Portugal: PS questiona voluntariado do Festival Eurovisão 2018

O grupo parlamentar do PS diz que o programa de voluntariado do Festival Eurovisão da Canção, a realizar em maio em Lisboa, "parece pretender preencher vagas temporárias de trabalho à margem da legislação laboral vigente em Portugal".

PS pediu esclarecimentos sobre o programa de voluntariado do Festival Eurovisão da Canção. Recorde o anúncio da RTP AQUI. Num comunicado divulgado esta sexta-feira, o deputado Tiago Barbosa Ribeiro coloca duas questões ao ministro da Cultura: Se "o Governo tem conhecimento da situação" e se a RTP participou na definição do programa "de designado voluntariado". "Pelas características que foram apresentadas, pelo número de voluntários requeridos, este programa remete na verdade para necessidades laborais essenciais à realização do evento, incluindo apoio às delegações de 42 países, ajuda nos hotéis onde as comitivas internacionais estarão instaladas, trabalho em vários locais onde decorrerão atividades relacionadas com o evento (incluindo discotecas) e apoio na sala de conferências de imprensa", escreve Tiago Barbosa Ribeiro citado pelo Diário de Notícias. O deputado é o primeiro subscritor deste pedido de esclarecimento.

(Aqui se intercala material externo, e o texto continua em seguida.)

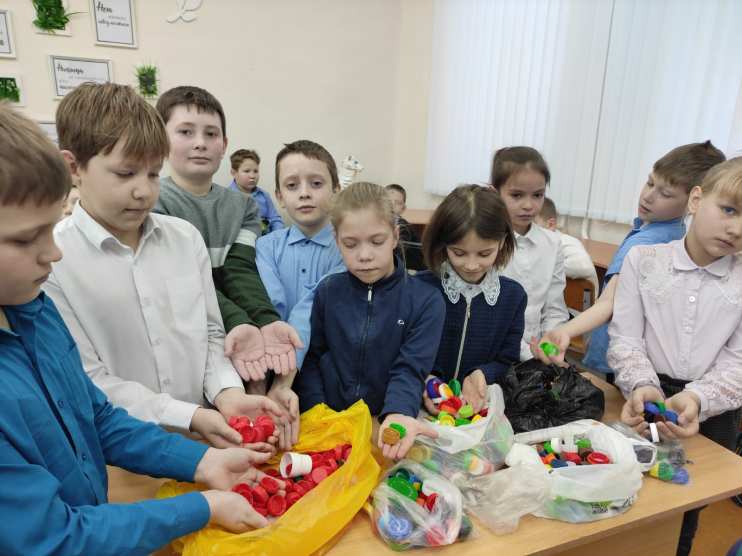 Орленок доброволец 3 класс. Орленок доброволец. Орленок доброволец трек. Орленок волонтер. Орленок доброволец трек.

O comunicado refere ainda que no pedido de voluntários é exigida a obrigatoriedade de trabalho por turnos e o domínio de línguas estrangeiras, e que o trabalho voluntário destina-se a realizar "atividades técnicas num evento comercial com um orçamento superior a 20 milhões de euros". Tiago Barbosa Ribeiro afirma que "este programa de voluntariado parece ser uma forma de contornar a contratação de trabalhadores devidamente remunerados para as necessidades do Festival da Eurovisão" e dá conta de várias denúncias sobre o regime de voluntariado delineado pela organização do Festival Eurovisão da Canção. A provar-se o "recurso à figura de falso voluntariado para obter mão-de-obra sem a pagar", os responsáveis "devem suspender de imediato este programa e acomodar a contratação de trabalhadores", lê-se ainda na nota socialista.

O deputado questiona igualmente o orçamento do evento, perguntando se o orçamento "não acomodou os montantes adequados à contratação de pessoas e serviços para a sua execução"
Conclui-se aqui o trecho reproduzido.